Il parle de son activité d'écrivain, l'examine sous l'angle professionnel. Il s'agit en quelque sorte d'une autobiographie, mais axée strictement sous cet aspect-là. L'auteur fait la liste des ouvrages qu'il a publiés, donne le chiffre de ses ventes, parle des prix qu'il a gagnés, de l'argent qu'ils lui ont rapporté, du temps qu'il a mis pour les écrire. Il explique comment il a financé son « hobby » en travaillant comme délégué au CICR une année sur deux, l'heure d'écriture lui rapportant, en droit d'auteur, moins de 2 francs par heure.
Bref, il s'agit ici de la mise sur la place publique de ces discussions qu'on a entre auteurs. Et combien de temps tu as mis, et combien tu as vendu. Sauf que dans les cafés, quand on cause de ça, on n'est évidemment jamais sincère. Ne croyez aucun chiffre qu'un auteur vous dit. Il ment.
Manifestement, Sonnay se fait un point d'honneur, au contraire, de rester sincère. Ça donne quelques renseignements qui peuvent intéresser anecdotiquement.
Sinon, son livre peine à décoller. Peu de considérations sur l'écriture elle-même, sinon une courte justification de la fiction et du choix du réalisme. Quelques vagues reprises bourdieusiennes du thème de l'écrivain et du champ symbolique dans lequel il travaille. Des considérations sur l'action de la littérature sur le monde et la politique. Un questionnement un peu daté du rôle de la littérature romande et la fameuse problématique de savoir si elle existe: il me semble retrouver des débats d'il y a 15 ou 20 ans.
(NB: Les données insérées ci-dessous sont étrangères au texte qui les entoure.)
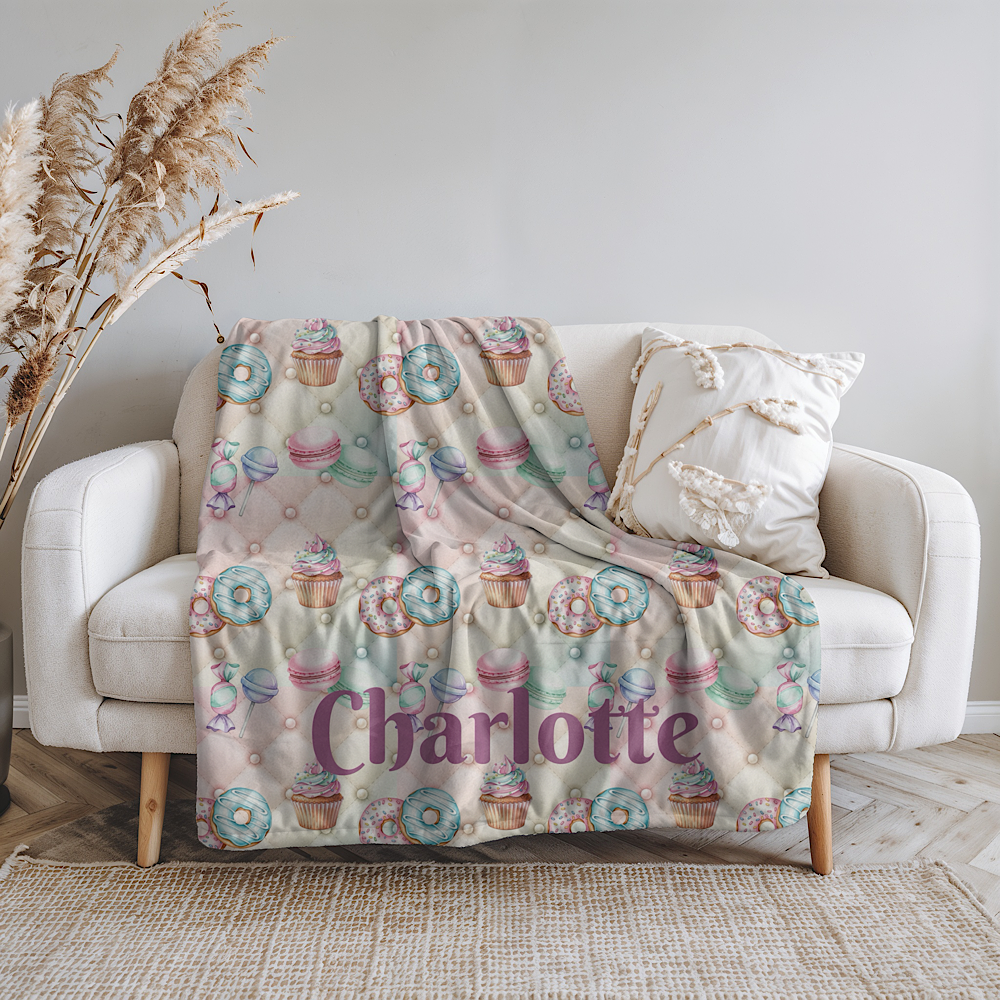Personalised pink throw Blanket with cupcake pattern on a white couch.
(La réponse actuelle sur la littérature romande, je vous tiens au courant, c'est que les auteurs sont simplement écrivains, d'où qu'ils soient, mais qu'il y a des maisons d'éditions situées en des lieux différents et avec des prestiges différents, calculés d'après les accès aux médias, les catalogues, les ventes, la célébrité de leurs auteurs...)
Malgré tout ça, j'ai lu le livre d'un trait. Mais c'est que je suis un peu du milieu. Si, au lieu d'un collègue, ça avait été un ferblantier ou un bûcheron qui m'avait parlé de ses horaires et de son chiffre d'affaire, je ne suis pas sûr que j'aurais été passionné.